Really, we need to shift our belief system to one that says: “Desserts can be enjoyed occasionally, if they are made from Living WILDFIT foods.” Resolving our guilt and avoiding any downward spiral. The healthy fat and fiber in this dish will keep us satiated, and stop any unwanted sugar rush. WILDFIT Apple Pie meets all requirements! A nutty, grain free crust, local apples, organic spices and sweetened with a touch of maple syrup, it’s sure to be your new family favorite.

Prep Time: 40 minutes.

Cook Time: 30 minutes.

Makes: One 9 inch pie (serves 8-12).


For the Pastry:

2 cups almond flour

1 cup of coconut flour

¼ cup of tapioca  or arrowroot flour

3 Tablespoons ground flaxseed

½ cup of cold water

2 eggs

½  cup coconut oil, melted

1 teaspoon baking soda

¼  teaspoon salt


Food Processor (not necessary but helpful!)

9-inch pie pan

parchment paper or silicone baking sheets

rolling pin

For the Filling:

6 medium-sized apples, peeled and diced (cortland or macintosh)

Juice of ½ a lemon

⅓   cup maple syrup (honey if preferred)

1 Tablespoon tapioca or arrowroot flour

2 teaspoons cinnamon

1 teaspoon nutmeg

¼ tsp of ginger (optional)

⅛  teaspoon cloves

1 Tablespoon pure vanilla extract



For the Pastry:

The most important thing to remember is that gluten is the glue that holds conventional pastries and baked goods together (and causes us so many digestive issues). When we endeavour to start ‘alternative’ baking, we can’t aim to  create a confection that is equivalent in taste and texture to what we had with wheat flour baking. Many gluten free baking mixes attempt to replicate gluten containing flour- but they do so with gums, binders and cheap alternative flours like potato and rice- which are foods that are often in our rarely or never food categories. What can we do? I usually use nut and seed flours to make crusts, cakes, and breads but I am gentle with myself. My expectation is for a new kind of pie, rather than an exact replica of ‘what Grandma used to make’ and gentle with the dough, knowing it’s not gonna act like gluten!

First, mix your flaxseed meal with water and stir together. Set in the fridge to further cool a few minutes. This will act as your glue in this pastry.

Next, add the dry ingredients to your food processor and pulse to combine (or stir well). Then, add the coconut oil and pulse until the oil is cut into the dry stuff and a crumbly dough has formed. (You can also use 2 forks to do this). Make sure the oil is evenly distributed.

Finally, add the eggs and flax mixture to the dough and pulse (or stir) until the dough is a ball, this won’t take long.

Collect the dough and separate into two balls. Take one ball and place between two pieces of parchment paper (or silicone sheets). Using a rolling pin, roll the dough into a large circle so that it’ll fill a 9-inch pie pan. Peel off top parchment paper and carefully flip the rolled dough into the pie pan.

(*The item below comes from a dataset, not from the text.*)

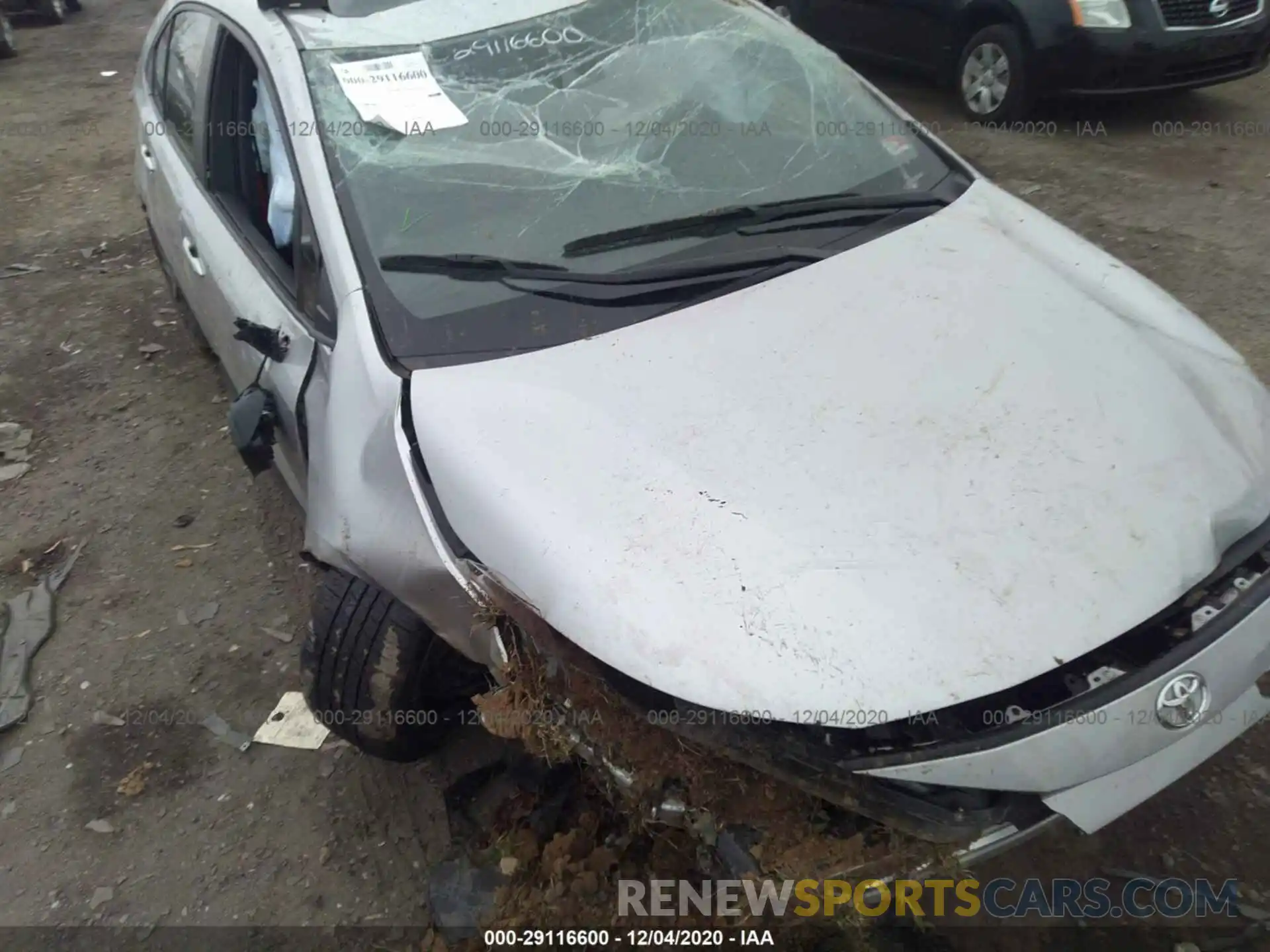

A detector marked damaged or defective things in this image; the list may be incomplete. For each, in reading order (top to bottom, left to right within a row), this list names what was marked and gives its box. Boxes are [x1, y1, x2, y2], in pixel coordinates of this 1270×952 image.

shattered windshield glass [297, 0, 954, 358]
broken side mirror [228, 383, 278, 477]
broken plastic piece on ground [0, 540, 85, 736]
broken plastic piece on ground [251, 695, 330, 751]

Gently peel off the other piece of parchment paper and push the dough down into the pie pan from the top edges to form the pie crust. Fill up any holes or cracks with small pieces of dough.

Trim the excess pastry, and use cookie cutters or a knife to form leaf decorations.

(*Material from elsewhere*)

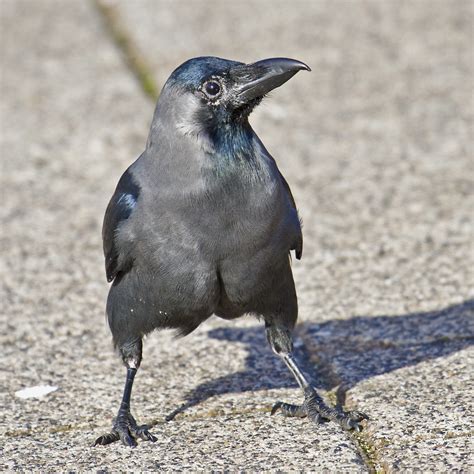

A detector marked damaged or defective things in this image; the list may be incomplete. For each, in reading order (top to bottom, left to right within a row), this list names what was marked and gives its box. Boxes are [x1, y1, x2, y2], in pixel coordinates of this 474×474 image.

pavement crack [92, 0, 159, 102]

Take the remaining half of the dough and roll into circle as the other. Place the dough into the refrigerator to chill. This step is important, as it will keep the dough from burning and ensure it is moist- not crunchy. It should chill for at least 20 minutes.

For the Filling:

Peel the apples and slice them thinly. You can dice them if you prefer a mushier pie.

Toss in a large bowl with spices, maple syrup, vanilla  and lemon juice, leave to rest 5-10 minutes so the apples can soak up the flavours..

Add in the tapioca flour and mix well. This ensures the apples stay moist, without the juices running out into a puddle on the bottom of the pie.

Making the Pie:

Preheat the oven to 375 F.

Spoon in the apple pieces into the pie crust, pressing down evenly. Pour any juice evenly over the apples.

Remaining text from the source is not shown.